3. Profanity also is here forbidden, i.e. taking the Name of God on the lips on every trifling occasion. This is now thought, as indeed it is, ungentlemanly, to a far greater extent than was the case fifty years ago. So far well. Only let us take care that for a custom to be out of fashion, does not act with us more powerfully than its offensiveness to God, in inducing us to give it up! Some are more concerned at a hole in their manners than at a breach of morals. These things ought not so to be.

4. Frivolity in reference to Divine things is a transgression of this command. This is by no means to be confounded either with scoffing or with profanity. It may be found where there is great reverence for God, great kindness of heart, combined with an excessive fondness for raising a laugh. And where this is the case, even sacred things are but too seldom exempt from frivolous treatment. We recall some acquaintance whose chief, yea, whose only apparent fault, was the extreme tendency to turn everything into a joke, even things most sacred. Many were ready to excuse the frivolity for the sake of the talent it revealed. But they are "nowhere" now. Their levity was their ruin. Wit and humor have indeed a place of no mean value in social life. Social evils are often exposed more effectively in scorn and satire than in graver speeches. But there is no tendency of any man which needs to be more wisely cultured, more carefully and prayerfully guarded, and more conscientiously directed, than that to which we are now referring. Apart from this, there is exceedingly great danger of its leading to the "taking the Name of God in vain."

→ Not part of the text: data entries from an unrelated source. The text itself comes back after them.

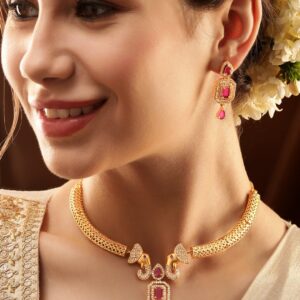 Radiant Gold-Plated AD & Pink Stone Necklace Set - Gold::Red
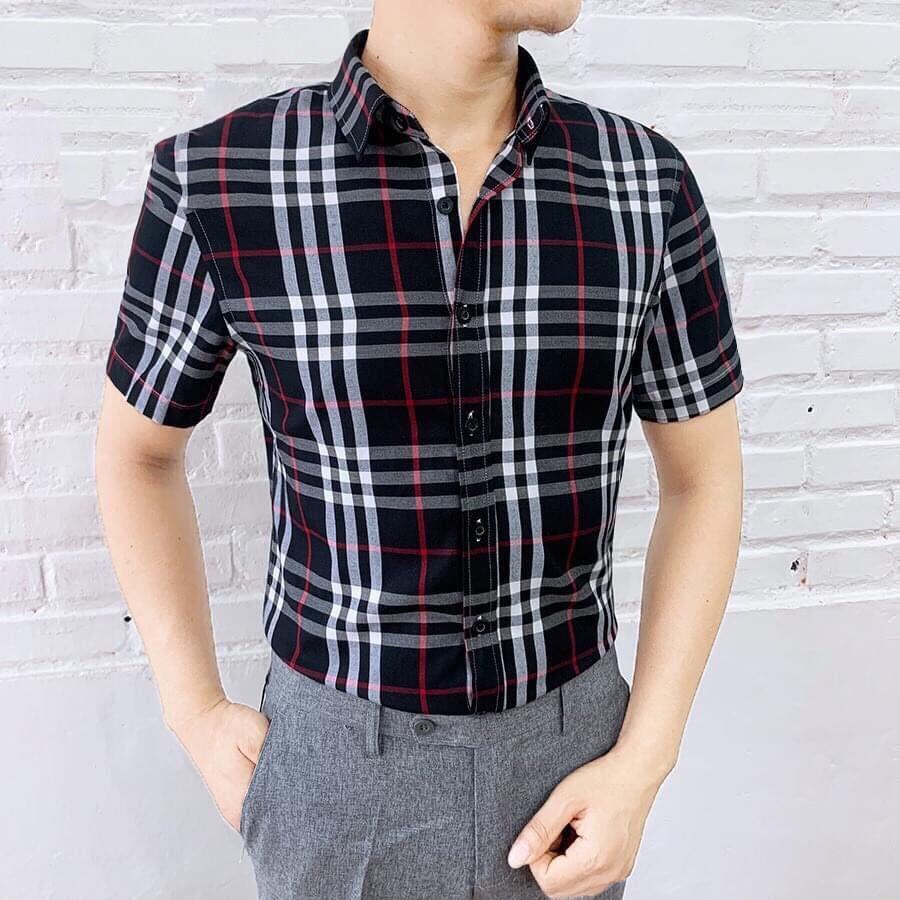 Áo sơ mi nam Cộc tay Kẻ BBR loại đẹp SMC0015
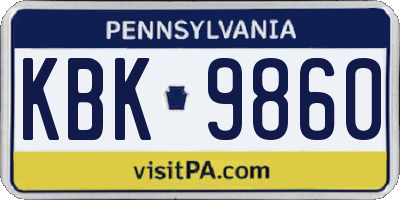 PA license plate KBK9860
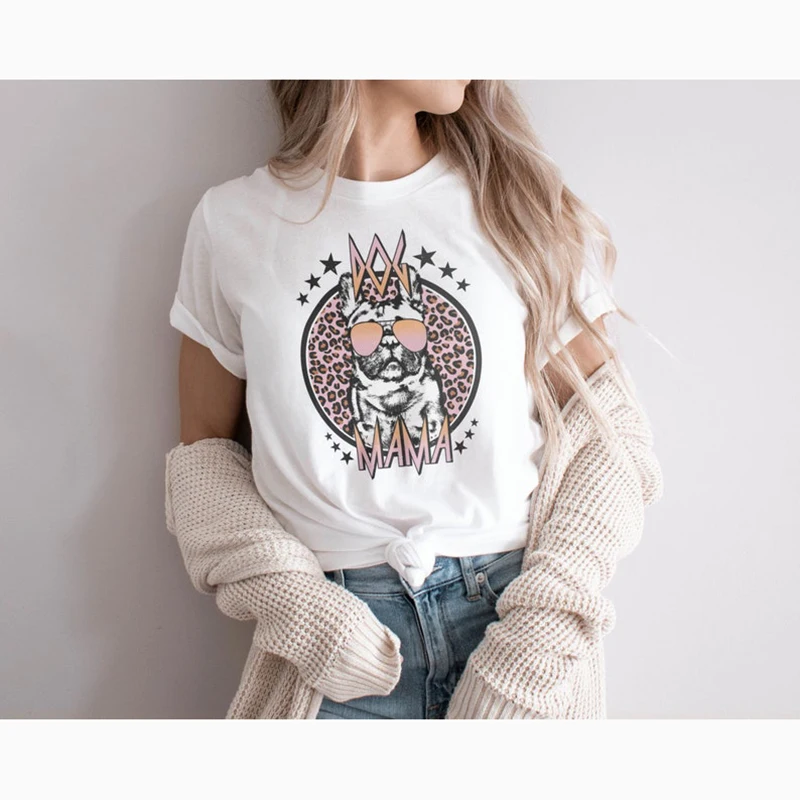 

2023 New Arrivals Women's T-shirts Retro Vintage French Bulldog Dog Mama Print 100% Cotton Aesthetic Graphic T Shirt For Women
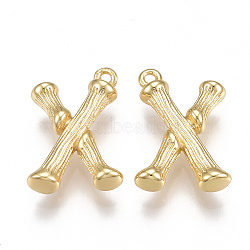 Brass Pendants, Letter, Nickel Free, Real 18K Gold Plated, Letter.X, 18.5x13x4mm, Hole: 1mm(KK-T038-193G-X)
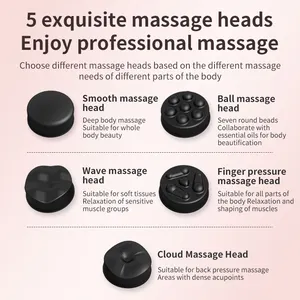 Handheld Cordless Body Loss Weight Cellulite Massager With 5 Massage Heads Attachment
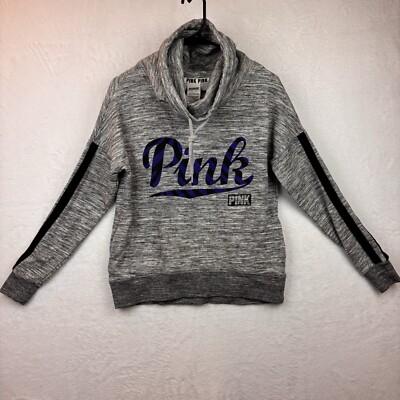 Victorias Secret PINK High-Neck Cowl Pullover, Gray Marl / Script Size XS-image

5. There may be a breach of this commandment without frivolity (as usually understood), even where there is no sense of humor and no talent for witticisms, in the indulgence of a vicious habit, much more easily formed than broken off, of interlarding the conversation with certain well-known epithets. We know what these were in Christ's time (see Mat_23:16-22; Mat_5:33-36). This is conceited talk, and it is sinful talk.

6. False teaching for God breaks this law (see Jer_23:21-24, Jer_23:31). There are several ways by which, in teaching others, the Name of God may be taken falsely. Either

(1) by declaring as God's what he has not said; or by

(2) denying what be has said; or

(3) by calling in question the truth of what he has spoken.

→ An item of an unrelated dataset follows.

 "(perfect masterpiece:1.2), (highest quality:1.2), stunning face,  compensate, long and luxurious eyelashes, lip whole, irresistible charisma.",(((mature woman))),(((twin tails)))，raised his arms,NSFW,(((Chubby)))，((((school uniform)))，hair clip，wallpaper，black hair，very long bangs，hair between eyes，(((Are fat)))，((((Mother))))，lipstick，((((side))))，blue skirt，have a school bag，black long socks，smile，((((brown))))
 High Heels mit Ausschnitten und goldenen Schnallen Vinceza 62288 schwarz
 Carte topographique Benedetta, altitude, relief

The first was common in the days of Jeremiah; the second and third are at once more ancient and more modern. Whenever any ambassador for God gives his own thoughts as if they were God's message, he is taking the Name of God in vain. Or if a man, while professing to speak for God, is speaking with the desire to exalt himself, he is guilty of the same sin.

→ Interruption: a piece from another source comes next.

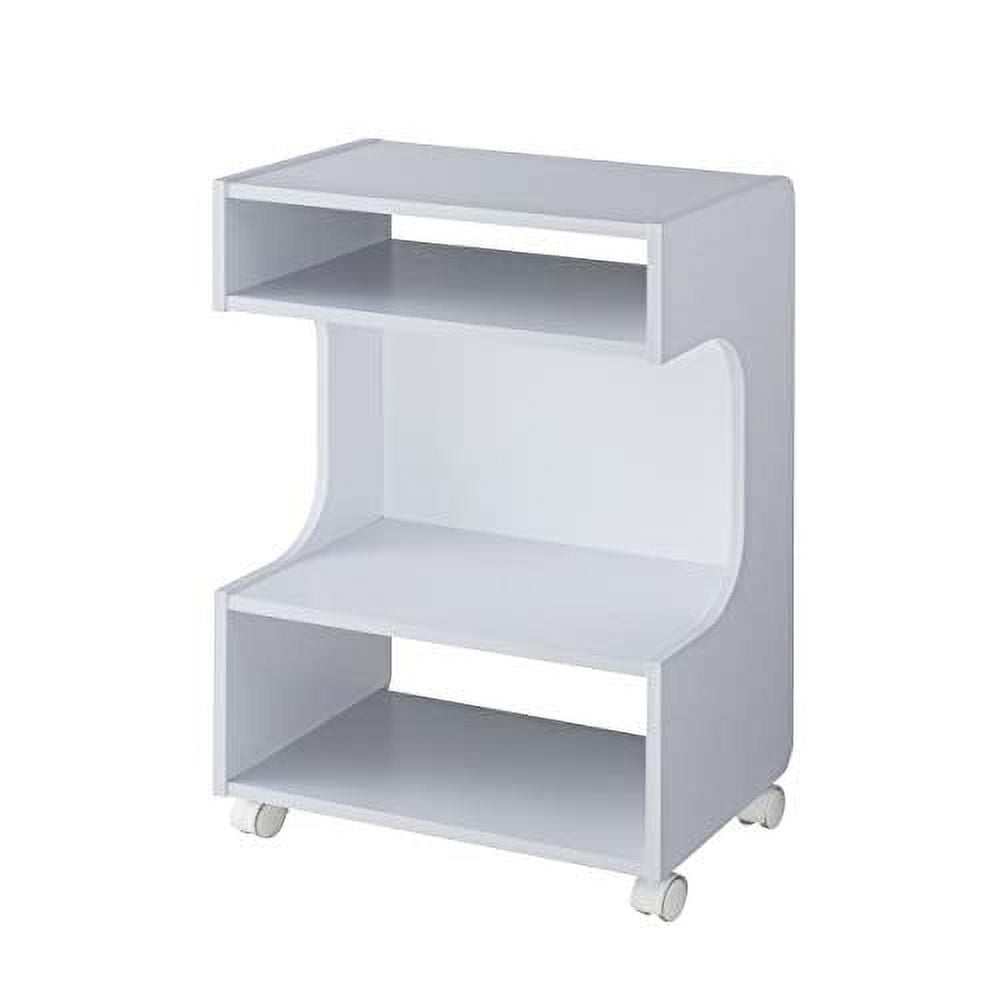 Mid Century Modern Rolling Printer Stand White Walmart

7. Hollowness and formality in the professed worship of God are breaches of the third commandment. We take God's Name in vain if we sing "the songs of Zion" with a vacant heart, or outwardly join in the prayers of the sanctuary without devotion in the soul (Eze_33:30, Eze_33:31; Isa_29:13). Oh, the number of times we have been on our knees and have used the Name of God in" indolent vacuity of thought!" "Who is able to stand before this holy Lord God?"

8. We may break this commandment by vowing unto God, and then not fulfilling the vow. When at the Lord's table, we take the sacramental oath of obedience to our Great Commander, and if we are not true to that, we add sin to sin by "taking the Name of God in vain."

II. HOW IS THIS PRECEPT GUARDED? "The Lord will not hold him guiltless," etc. God may or may not mark this sin by visitations of temporal judgment; there are many cases in which levity has been the ruin of a man, even temporally. But the probability is that the more occult and deceptive forms of this sin will leave no appreciable mark on a man's earthly career. The marking of the guilt will be between God and a man's own soul. Hollow prayers bring no blessing; empty worship no growth in grace. Violated vows will bring down the displeasure of God. If God were to visit upon us all the sins of unreality and formalism, of mechanical routine, and of heartless work in his service, we should be lost men! "God often sees more in our prayers to disgust him than to please him," says Charnock. The Lord pardon the iniquity of our holy things!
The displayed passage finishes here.